> [Exercise aim]:
What is needed is the full listing written out exactly, minus the pictures.

> [Material provided]:
····················

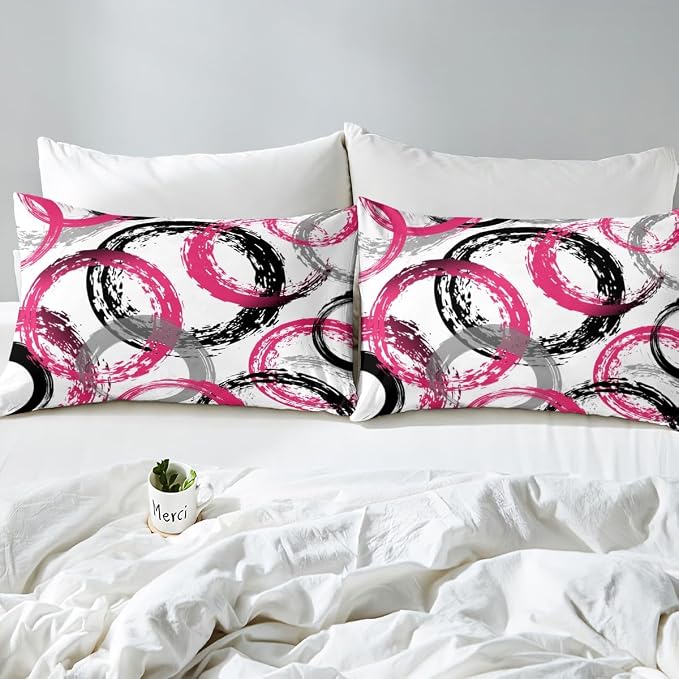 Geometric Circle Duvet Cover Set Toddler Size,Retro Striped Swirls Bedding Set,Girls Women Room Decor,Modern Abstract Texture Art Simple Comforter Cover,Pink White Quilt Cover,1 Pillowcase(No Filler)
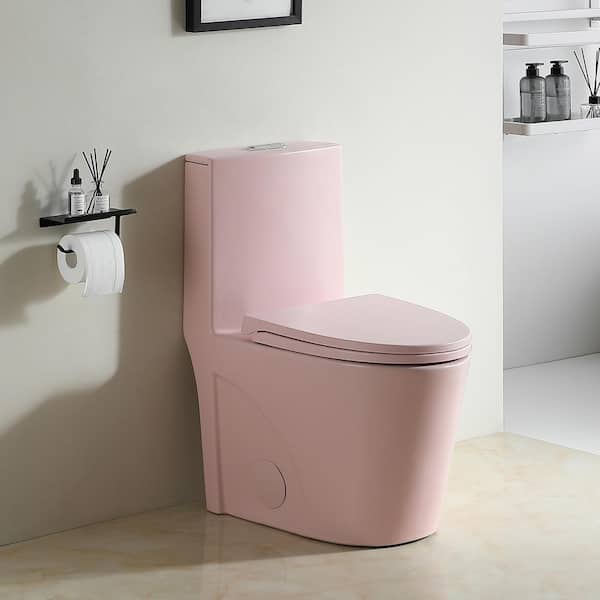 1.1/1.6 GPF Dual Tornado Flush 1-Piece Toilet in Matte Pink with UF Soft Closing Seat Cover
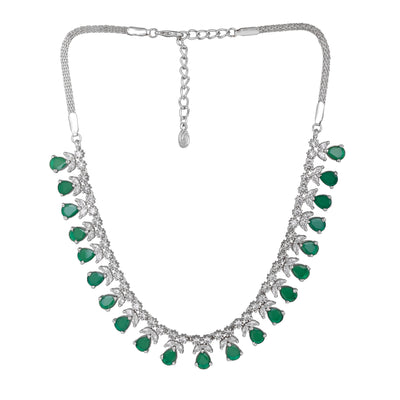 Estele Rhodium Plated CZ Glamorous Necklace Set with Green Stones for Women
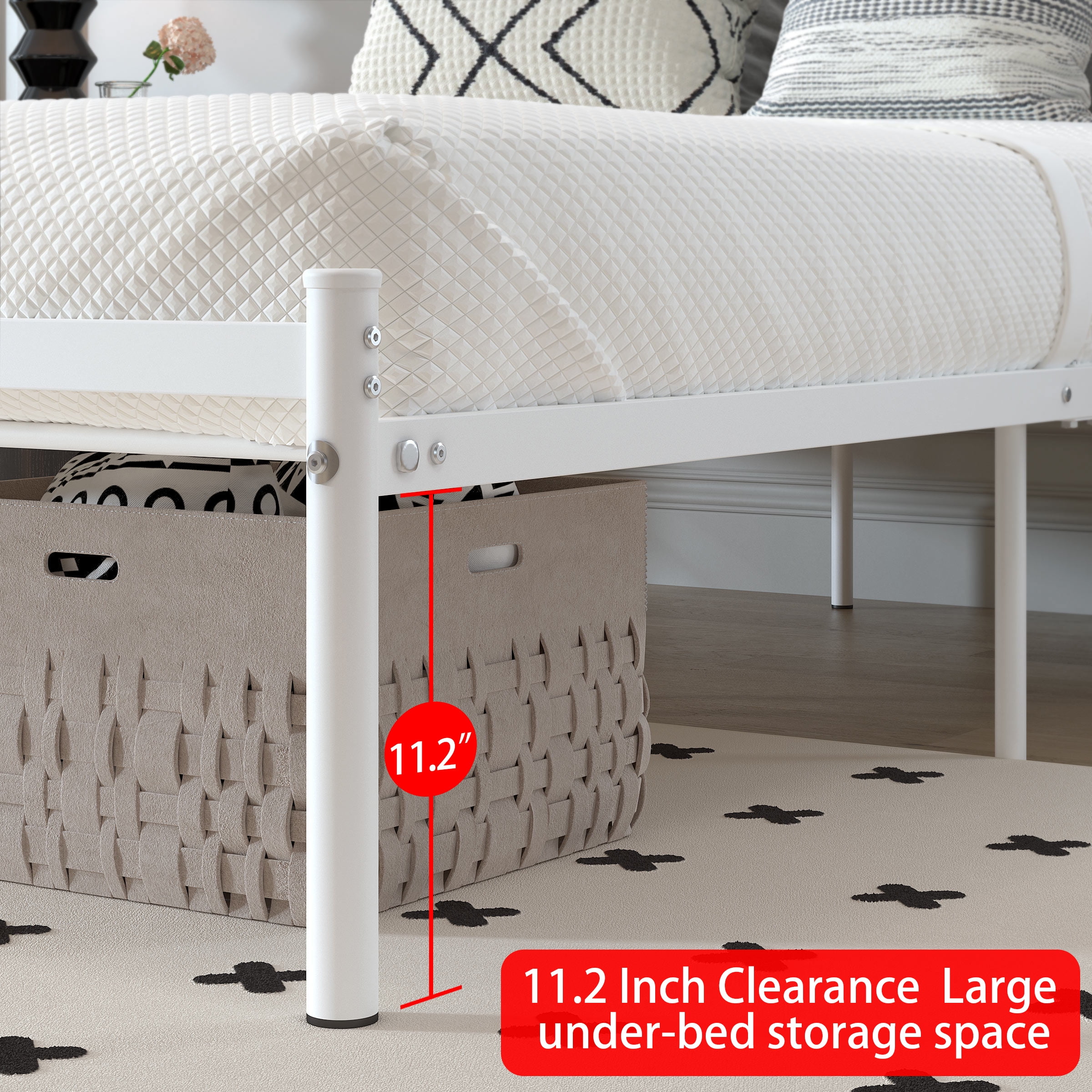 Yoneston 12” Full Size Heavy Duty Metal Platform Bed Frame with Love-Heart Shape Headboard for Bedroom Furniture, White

····················

> [Result of the task]:
 Geometric Circle Duvet Cover Set Toddler Size,Retro Striped Swirls Bedding Set,Girls Women Room Decor,Modern Abstract Texture Art Simple Comforter Cover,Pink White Quilt Cover,1 Pillowcase(No Filler)
 1.1/1.6 GPF Dual Tornado Flush 1-Piece Toilet in Matte Pink with UF Soft Closing Seat Cover
 Estele Rhodium Plated CZ Glamorous Necklace Set with Green Stones for Women
 Yoneston 12” Full Size Heavy Duty Metal Platform Bed Frame with Love-Heart Shape Headboard for Bedroom Furniture, White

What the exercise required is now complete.